_Task objective:_
After finding "Ноутбук Acer Lite 15" in a line below, print that line and the rest of the lines exactly, leaving out all pictures.

_Dataset excerpts:_
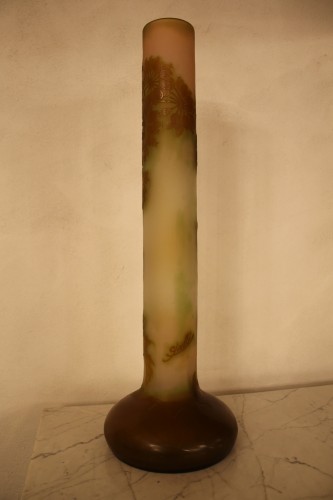 Etablissements Gallé - grand vase tubulaire - Art nouveau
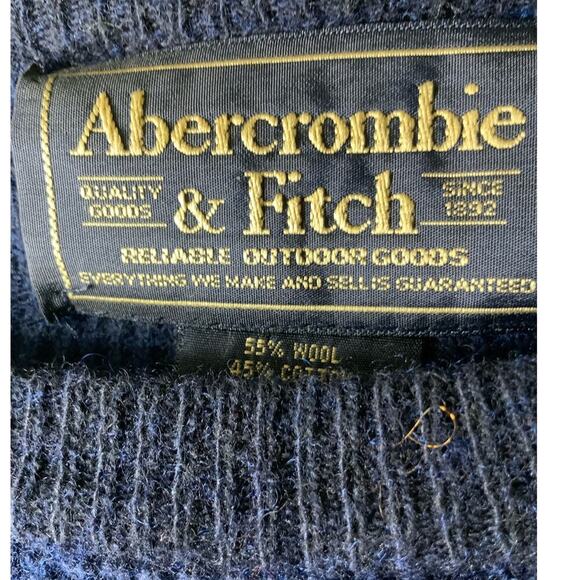 Abercrombie & Fitch Sweater Mens Large Wool Blend Knit Crewneck Pullover Preppy - Picture 6 of 7
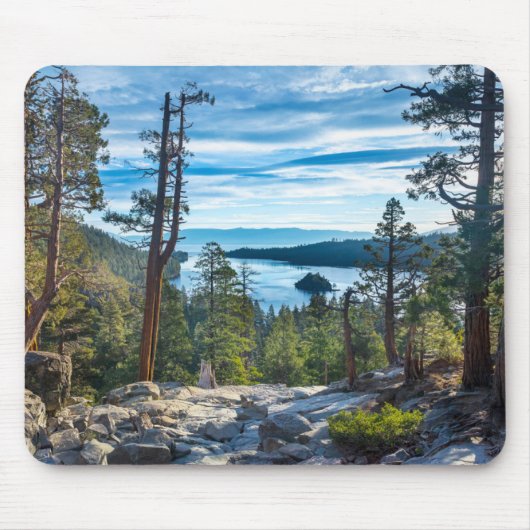 Tapis De Souris Littoral | Emerald Bay, Lake Tahoe, Californie (Devant)
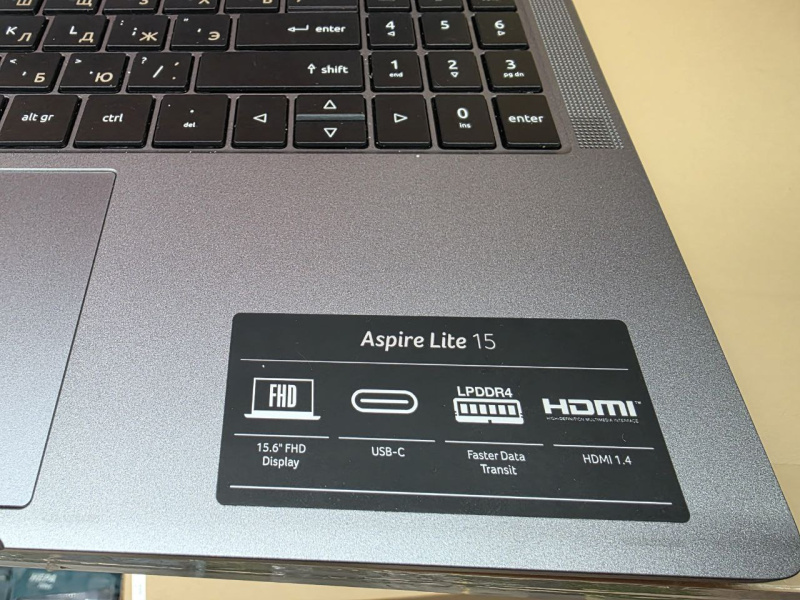 Ноутбук Acer Lite 15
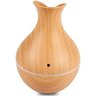 Umidificador Purificador De Ar Aromatizador 130 ml Botão Touch Ultrassónico CONE (Marrom Claro) - 2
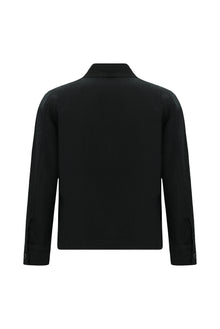Siyah Slim Fit Dar Kesim Mevsimlik Spor Keten Mont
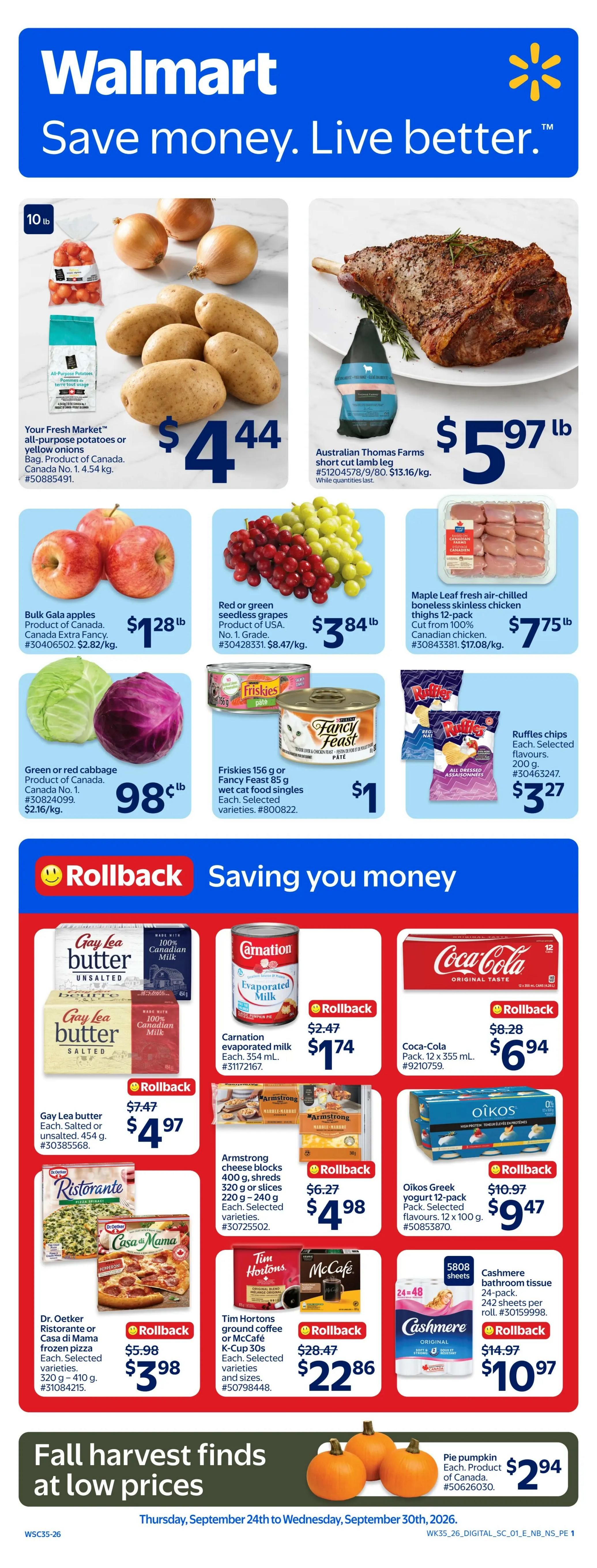 Walmart (Atlantic) Flyer September 24 to 30
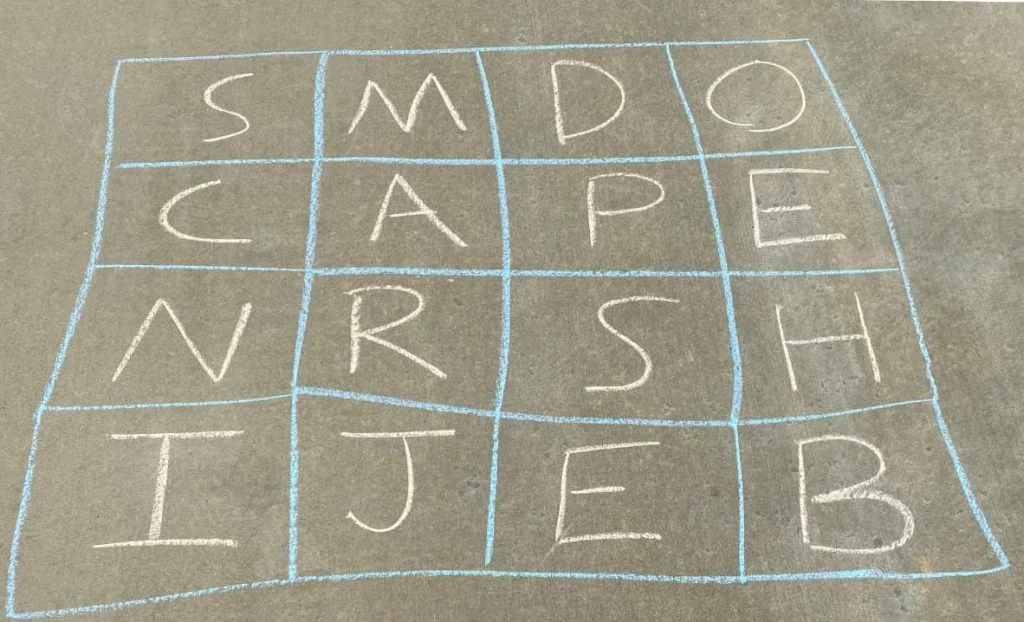 sidewalk chalk boggle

_Solution to this problem:_
 Ноутбук Acer Lite 15
 Umidificador Purificador De Ar Aromatizador 130 ml Botão Touch Ultrassónico CONE (Marrom Claro) - 2
Siyah Slim Fit Dar Kesim Mevsimlik Spor Keten Mont
 Walmart (Atlantic) Flyer September 24 to 30
 sidewalk chalk boggle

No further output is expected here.